Stanley Fischer resigns as Fed vice-chairman

Financial Times Financial Times

Departure of monetary policy hawk adds to leadership turbulence at US central bank

yesterday by: Sam Fleming in Washington

Stanley Fischer has submitted his resignation as vice-chairman of the Federal Reserve, adding to the turbulence at the US central bank as it faces a host of vacancies at its most senior levels.

In a letter to President Donald Trump, the former Bank of Israel chief said he would leave around October 13 for “personal reasons”, which he did not amplify. The 73-year-old Mr Fischer’s term as vice-chair, which began in May 2014, was not due to expire until June next year.

Mr Fischer’s departure comes amid a highly uncertain period for the Fed’s board of governors, leaving up to four of its seven seats vacant. It brings forward another opportunity for Mr Trump to recast the policy and direction of the central bank — as well as deepening the uncertainty within financial markets about its likely policy stance.

Mr Fischer has been a visceral opponent of Mr Trump’s efforts to deregulate the financial sector, giving the president an opportunity to put a Wall Street-friendly policymaker in the post. Mr Fischer was also seen as more hawkish than Janet Yellen, the Fed chair, and Mr Trump has publicly voiced support for keeping interest rates low for an extended period.

“He represented the board internationally with distinction and led our efforts to foster financial stability, » Ms Yellen said. « I’m personally grateful for his friendship and his service. We will miss his wise counsel, good humour, and dry wit. »

Ms Yellen’s term as chair is up in February, and Mr Trump has made it clear he may not reappoint her; the possible candidates to replace her include Gary Cohn, the director of Mr Trump’s National Economic Council.

Lloyd Blankfein, chairman and chief executive of Goldman Sachs, where Mr Cohn worked until last year, said on Wednesday: “I don’t know that he reads a lot of policy papers let alone write them… [but] there’s nobody who has a better sense of markets or the consequences that decisions will have that are guided by market forces.”

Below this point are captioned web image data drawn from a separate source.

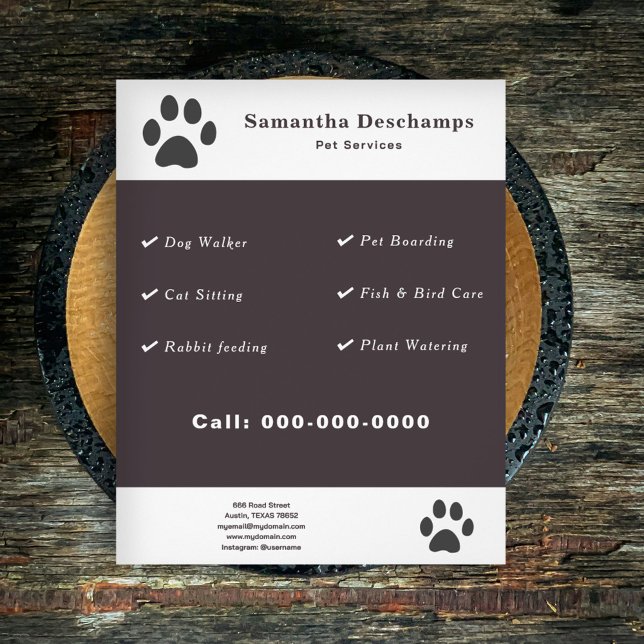 Volante de servicios de mascota (Pet Services Flyer)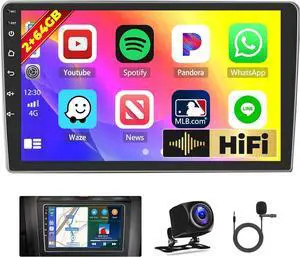 Double Din Android Car Stereo with Wireless Carplay Android Auto, 2+64GB 9 Inch Touchscreen Car Radio Support Bluetooth/GPS Navigation/HiFi/WiFi/FM + Backup Camera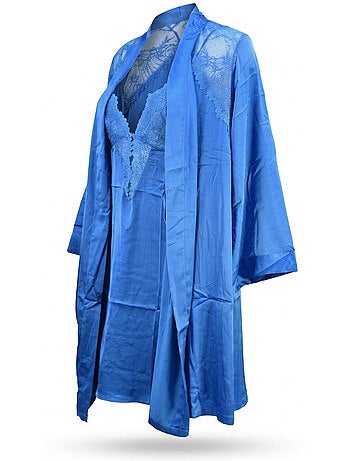 Camisa de noite e kimono mulher cetim efeito seda renda com lantejoulas ozabi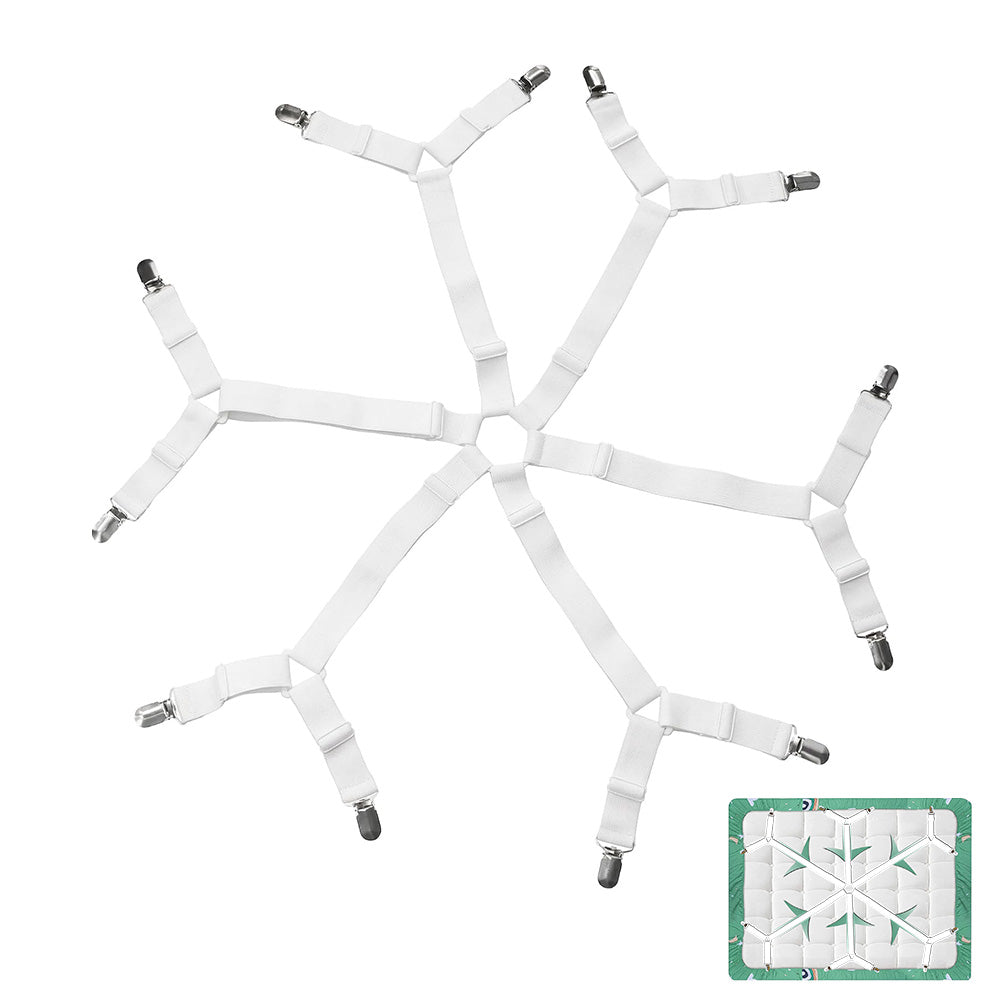 12-Clip Adjustable Elastic Bed Sheet Fastener Straps for Mattress - White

In addition, Mr Trump has appointed Randal Quarles, a proponent of bank deregulation, to be the new vice-chair of financial supervision at the Fed — a nomination that needs to be confirmed by the Senate. The president has also been considering Marvin Goodfriend, a Carnegie Mellon University economist, for the board of governors, and a further board seat for a person with community banking experience also needs to be filled.

Mr Fischer was widely respected in central banking circles, having spent his entire career in global financial institutions, including the World Bank and International Monetary Fund, and academia’s leading economic departments, including the University of Chicago.

Mohamed El-Erian, chief economic adviser at Allianz, who worked under Mr Fischer at the IMF in the 1990s, said his departure was a loss not just for the Fed, but for the global central banking world.

“He brings to the table this very rare and unique combination of a very solid economics foundation, massive national and international experience . . . his widely admired judgment, and on top of that exceptional inter-personal skills,” Mr El-Erian said. “He will be missed in a big way.”

Mr Fischer was not expected to be reappointed as vice-chair when his term expired, although he would have had the option of staying on as a governor until 2020. He was known to have differed with Ms Yellen on occasions — in particular in September 2015, when he struck a publicly hawkish note on rates at a time when the Fed chair was planning to keep policy on hold.

In a recent interview with the Financial Times, Mr Fischer was also highly critical of Republican efforts to loosen the post-crisis regulatory regime, in forthright comments that broke with the veiled language normally used by central bankers. “After 10 years everybody wants to go back to a status quo before the great financial crisis. And I find that really extremely dangerous and extremely short-sighted,” he said at that time.

Born in the former UK protectorate of Northern Rhodesia, Mr Fischer holds dual US-Israeli nationality and served as the governor of the Bank of Israel from 2005 to 2013. He also worked as the first deputy managing director at the International Monetary Fund, the chief economist at the World Bank, and vice-chairman of Citigroup.

His academic work in the 1970s was highly influential, as he pushed the idea that activist central banks can stimulate economic activity. Ben Bernanke was one of Fischer’s PhD students at Massachusetts Institute of Technology; he subsequently pursued aggressive stimulus efforts during the financial crisis.

Mark Carney, the Bank of England governor, said: “The combination of his encyclopedic knowledge of economics, outstanding judgment, quiet leadership and his perennial good humour has helped policymakers around the world to navigate one of the most challenging periods in the global economy.”